The God of the Old Testament frequently demands that atrocities be committed in his name. Let us look at some examples that are rarely mentioned in Sunday school.
After winning a large number captives in a battle, Moses tells his army, who had already slain every adult male at God's command,
Now therefore, kill every male among the little ones, and kill every woman that hath known man by lying with him. But all the young girls who have not known a man by lying with him, keep alive for yourselves. (Numbers 31:17-18 RSV)
At another time, Moses orders three thousand men put to the sword on God's authority:
And he said to them, "Thus says the Lord God of Israel, 'Put every man his sword on his side, and go to and fro from gate to gate throughout the camp, and slay every man his companion, and every man his neighbor.' " (Exodus 32:27 RSV)
Now, I am sure many Christians would dismiss these as anachronisms that were eliminated with the coming of Jesus. However, in the New Testament Jesus frequently reaffirms the laws of the prophets:
Think not that I have come to abolish the law, or the prophets: I have come not to abolish them but to fulfil them. (Matthew 5:17 RSV)
Christians like to pride themselves on their "family values" and their desire for peace in the world. No doubt, most are devoted to their families and upright members of society. But they fail to remember that Jesus said:
Do not think that I have come to send peace on earth: I have not come to send peace, but a sword. For I have come to set a man at against his father, a daughter against her mother, and a daughter-in-law against her mother-in-law; and a man's foes will be those of his own household. He who loves father or mother more than me is not worthy of me; and he who loves son or daughter more than me is not worthy of me. (Matthew 10:34-37 RSV)
Where did the notion arise that Jesus was the "Prince of Peace"?

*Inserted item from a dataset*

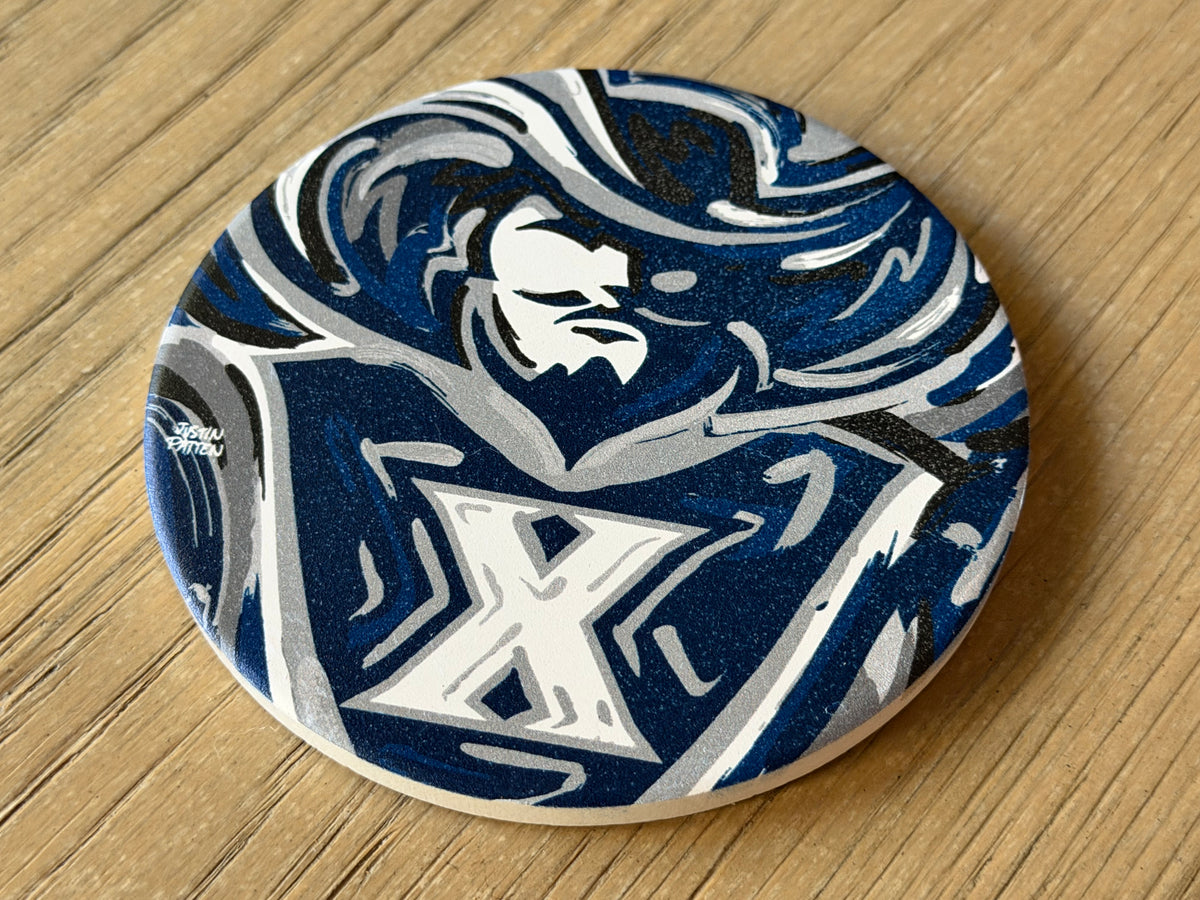 Round coaster with blue and white mascot graphic and large white X emblem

The history of Christendom abounds with violence sanctioned by the Church and thereby defined as divinely inspired "good." This divine inspiration is not limited to Scripture but continually available to the specially anointed. Pope Urban II (d. 1099) assured the medieval knights of the Crusades that the killing of infidels was not a sin. And this did not apply just to Muslims in the Holy Land. The Cathar faith in southern France, which was apparently based on the notion of dual gods that appeared earlier in Zoroastrianism and Manichaeism, was brutally suppressed in the Albigensian Crusade in the thirteenth century. When the besieged Cathar city of Beziers fell in 1209, soldiers reportedly asked their papal adviser how to distinguish the faithful from the infidel among the captives. He recommended: "Kill them all. God will know his own." Nearly 20,000 were slaughtered—many first blinded, mutilated, dragged behind horses, or used for target practice.
If our solution to the Euthyphro dilemma is to define as good whatever God says is good, where God's word is defined as what is revealed in scriptures and other holy sources, then Jewish and Christian soldiers have a moral obligation to kill every enemy soldier and civilian—except for the virgins, which they have a moral obligation to keep for their own pleasure.

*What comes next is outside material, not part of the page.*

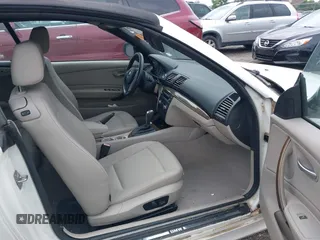 2010 BMW 1 Series 128i with VIN WBAUL7C52AVJ77773, listed as a IAAI auction lot 42146261 with 91,777 mi miles and . Bid and sale history available at carsss.com. Image 5.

If they are to rely literally on the Bible for moral guidance, then Jews and Christians have other obligations. For example, they are required to kill any family member who tries to convert them to another religion:
If your brother, the son of your mother, or your son, or your daughter, or the wife of your bosom, or your friend who is as your own soul, entices you secretly, saying, `Let us go and serve other gods,' which neither you nor your fathers have known, some of the gods of the peoples that are round about you, whether near you or far off from you, from the one end of the earth to the other, you shall not yield to him or listen to him, nor shall your eye pity him, nor shall you spare him, nor shall you conceal him; but you shall kill him; your hand shall be first against him to put him to death, and afterwards the hand of all the people. You shall stone him to death with stones, because he sought to draw you away from the LORD your God, who brought you out of the land of Egypt, out of the house of bondage. (Deuteronomy 13:6-11 RSV)
And, they are morally obligated to kill anyone who is caught working on the Sabbath:
Six days shall work be done; but the seventh is a sabbath of solemn rest, holy to the Lord: whosoever does any work on the sabbath day shall be put to death. (Exodus 31:15 RSV)
Imagine the havoc that would occur if American Christians were to use their ample arsenals of semi-automatic weapons to shoot up every supermarket and filling station that is open on Sunday!
Some theologians suggest God has mysterious reasons to command these awful acts that we mere humans are unable to comprehend. Does that mean we are to carry them out despite what our own consciences say? Even if God appeared before me and threatened me with damnation unless I killed my son, I still would not do it. I suspect most other fathers and mothers would act likewise.
Obviously, few modern Jews and Christians take these scriptural passages literally. But this leaves them on the horns of the Euthyphro dilemma. If God does not define what is good, then who does?
Of course, the Qur'an is as bloodthirsty as the Old Testament. Numerous references can be found to to the horrible fate that awaits nonbelievers. However, it is Allah himself who generally metes out that punishment:
Lo! Those who disbelieve Our revelations, We shall expose them to the Fire. As often as their skins are consumed We shall exchange them for fresh skins that they may taste the torment. Lo! Allah is ever Mighty, Wise. (Qur'an 4: 56)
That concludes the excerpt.